In the listing below, find the line containing "XD XD40F4ESAT TV" and the line containing "2017 TOYOTA COROLLA". Repeat exactly those two lines and every line between them, nothing more.
──────── RECORDS TO USE
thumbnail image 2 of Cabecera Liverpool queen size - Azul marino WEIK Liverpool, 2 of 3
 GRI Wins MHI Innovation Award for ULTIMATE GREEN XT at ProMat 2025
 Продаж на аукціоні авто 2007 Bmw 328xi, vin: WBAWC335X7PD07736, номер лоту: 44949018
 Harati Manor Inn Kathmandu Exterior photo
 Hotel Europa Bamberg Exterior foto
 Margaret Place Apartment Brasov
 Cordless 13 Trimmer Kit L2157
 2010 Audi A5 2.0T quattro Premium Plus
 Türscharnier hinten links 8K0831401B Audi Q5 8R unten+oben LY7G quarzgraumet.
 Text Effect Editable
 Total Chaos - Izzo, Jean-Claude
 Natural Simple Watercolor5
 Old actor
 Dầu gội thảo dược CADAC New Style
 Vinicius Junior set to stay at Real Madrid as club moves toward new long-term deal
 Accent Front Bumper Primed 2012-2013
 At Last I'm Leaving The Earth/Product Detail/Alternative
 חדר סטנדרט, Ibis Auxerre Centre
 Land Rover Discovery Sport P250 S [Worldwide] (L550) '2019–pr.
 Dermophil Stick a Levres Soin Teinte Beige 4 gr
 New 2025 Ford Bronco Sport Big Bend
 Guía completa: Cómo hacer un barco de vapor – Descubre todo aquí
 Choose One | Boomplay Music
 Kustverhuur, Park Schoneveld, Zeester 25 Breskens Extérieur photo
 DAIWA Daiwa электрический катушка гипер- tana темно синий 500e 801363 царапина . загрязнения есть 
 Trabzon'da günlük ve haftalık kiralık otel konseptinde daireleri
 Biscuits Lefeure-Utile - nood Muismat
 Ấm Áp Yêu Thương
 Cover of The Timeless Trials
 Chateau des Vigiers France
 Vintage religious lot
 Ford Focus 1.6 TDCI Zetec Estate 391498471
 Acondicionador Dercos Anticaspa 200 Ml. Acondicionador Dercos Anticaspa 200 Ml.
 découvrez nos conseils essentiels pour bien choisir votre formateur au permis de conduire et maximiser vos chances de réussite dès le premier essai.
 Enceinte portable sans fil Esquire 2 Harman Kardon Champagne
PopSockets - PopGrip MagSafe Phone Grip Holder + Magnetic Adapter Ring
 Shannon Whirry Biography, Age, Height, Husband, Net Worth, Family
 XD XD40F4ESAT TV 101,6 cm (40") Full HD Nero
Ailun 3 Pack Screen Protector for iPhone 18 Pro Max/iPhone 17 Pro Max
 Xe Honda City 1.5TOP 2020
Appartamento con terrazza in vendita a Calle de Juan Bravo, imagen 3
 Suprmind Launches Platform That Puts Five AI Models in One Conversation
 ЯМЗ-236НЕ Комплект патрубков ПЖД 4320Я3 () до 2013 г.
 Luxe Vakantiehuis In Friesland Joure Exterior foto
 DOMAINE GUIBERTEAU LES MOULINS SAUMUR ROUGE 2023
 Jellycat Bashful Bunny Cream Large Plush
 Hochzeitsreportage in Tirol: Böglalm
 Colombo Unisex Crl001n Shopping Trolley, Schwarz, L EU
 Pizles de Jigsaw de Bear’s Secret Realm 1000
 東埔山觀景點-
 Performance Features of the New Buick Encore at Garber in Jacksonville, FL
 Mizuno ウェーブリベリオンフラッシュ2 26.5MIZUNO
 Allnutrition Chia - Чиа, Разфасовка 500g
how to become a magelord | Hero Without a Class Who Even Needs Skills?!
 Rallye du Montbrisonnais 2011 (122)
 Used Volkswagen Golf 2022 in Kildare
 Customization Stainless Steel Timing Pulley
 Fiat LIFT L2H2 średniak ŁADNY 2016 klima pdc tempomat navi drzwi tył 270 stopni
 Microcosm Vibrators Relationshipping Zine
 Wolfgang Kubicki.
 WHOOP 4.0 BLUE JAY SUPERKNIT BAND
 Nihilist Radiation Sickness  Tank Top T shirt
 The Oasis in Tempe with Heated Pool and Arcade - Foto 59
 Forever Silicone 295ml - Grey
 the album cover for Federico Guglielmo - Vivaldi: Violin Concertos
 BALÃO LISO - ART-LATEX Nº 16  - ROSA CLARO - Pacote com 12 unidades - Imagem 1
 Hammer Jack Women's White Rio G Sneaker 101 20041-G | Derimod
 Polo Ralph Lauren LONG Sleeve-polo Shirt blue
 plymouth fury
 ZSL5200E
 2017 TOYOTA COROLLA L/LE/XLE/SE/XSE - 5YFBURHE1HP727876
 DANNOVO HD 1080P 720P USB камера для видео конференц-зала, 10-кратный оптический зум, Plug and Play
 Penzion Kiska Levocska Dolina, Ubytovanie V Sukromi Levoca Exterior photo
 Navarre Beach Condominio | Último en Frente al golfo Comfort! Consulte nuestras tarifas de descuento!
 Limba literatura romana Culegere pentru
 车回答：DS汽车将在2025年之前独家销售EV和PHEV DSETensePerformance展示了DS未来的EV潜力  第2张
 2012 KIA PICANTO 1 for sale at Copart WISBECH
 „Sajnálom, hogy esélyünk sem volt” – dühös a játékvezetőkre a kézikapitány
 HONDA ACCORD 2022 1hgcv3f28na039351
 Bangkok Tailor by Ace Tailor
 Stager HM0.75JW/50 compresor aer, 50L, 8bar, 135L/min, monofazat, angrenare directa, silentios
────────────────
#### SOLUTION FOR THIS TASK:
 XD XD40F4ESAT TV 101,6 cm (40") Full HD Nero
Ailun 3 Pack Screen Protector for iPhone 18 Pro Max/iPhone 17 Pro Max
 Xe Honda City 1.5TOP 2020
Appartamento con terrazza in vendita a Calle de Juan Bravo, imagen 3
 Suprmind Launches Platform That Puts Five AI Models in One Conversation
 ЯМЗ-236НЕ Комплект патрубков ПЖД 4320Я3 () до 2013 г.
 Luxe Vakantiehuis In Friesland Joure Exterior foto
 DOMAINE GUIBERTEAU LES MOULINS SAUMUR ROUGE 2023
 Jellycat Bashful Bunny Cream Large Plush
 Hochzeitsreportage in Tirol: Böglalm
 Colombo Unisex Crl001n Shopping Trolley, Schwarz, L EU
 Pizles de Jigsaw de Bear’s Secret Realm 1000
 東埔山觀景點-
 Performance Features of the New Buick Encore at Garber in Jacksonville, FL
 Mizuno ウェーブリベリオンフラッシュ2 26.5MIZUNO
 Allnutrition Chia - Чиа, Разфасовка 500g
how to become a magelord | Hero Without a Class Who Even Needs Skills?!
 Rallye du Montbrisonnais 2011 (122)
 Used Volkswagen Golf 2022 in Kildare
 Customization Stainless Steel Timing Pulley
 Fiat LIFT L2H2 średniak ŁADNY 2016 klima pdc tempomat navi drzwi tył 270 stopni
 Microcosm Vibrators Relationshipping Zine
 Wolfgang Kubicki.
 WHOOP 4.0 BLUE JAY SUPERKNIT BAND
 Nihilist Radiation Sickness  Tank Top T shirt
 The Oasis in Tempe with Heated Pool and Arcade - Foto 59
 Forever Silicone 295ml - Grey
 the album cover for Federico Guglielmo - Vivaldi: Violin Concertos
 BALÃO LISO - ART-LATEX Nº 16  - ROSA CLARO - Pacote com 12 unidades - Imagem 1
 Hammer Jack Women's White Rio G Sneaker 101 20041-G | Derimod
 Polo Ralph Lauren LONG Sleeve-polo Shirt blue
 plymouth fury
 ZSL5200E
 2017 TOYOTA COROLLA L/LE/XLE/SE/XSE - 5YFBURHE1HP727876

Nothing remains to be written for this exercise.